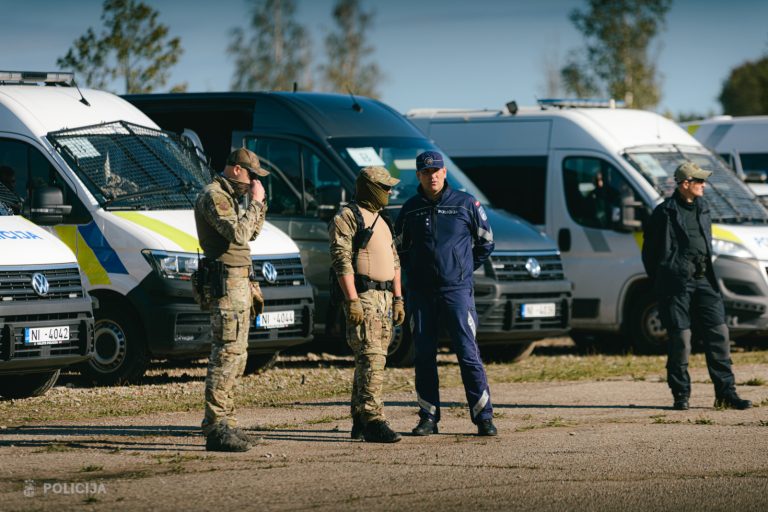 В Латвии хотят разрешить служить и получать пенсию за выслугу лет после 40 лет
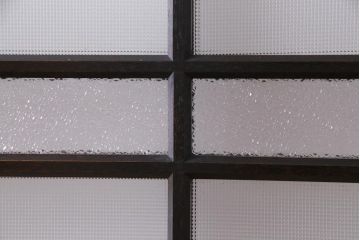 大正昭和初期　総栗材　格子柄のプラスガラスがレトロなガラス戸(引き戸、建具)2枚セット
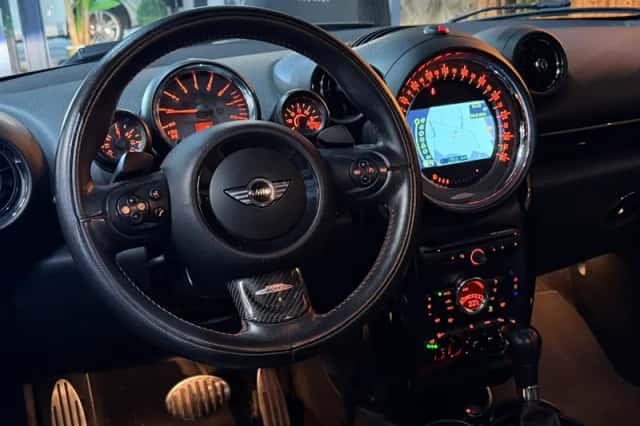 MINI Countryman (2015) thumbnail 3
━━━
* DIRECTIONS
Copy the listing exactly. Leave the pictures out.

* ANSWER SPACE
 В Латвии хотят разрешить служить и получать пенсию за выслугу лет после 40 лет
 大正昭和初期　総栗材　格子柄のプラスガラスがレトロなガラス戸(引き戸、建具)2枚セット
 MINI Countryman (2015) thumbnail 3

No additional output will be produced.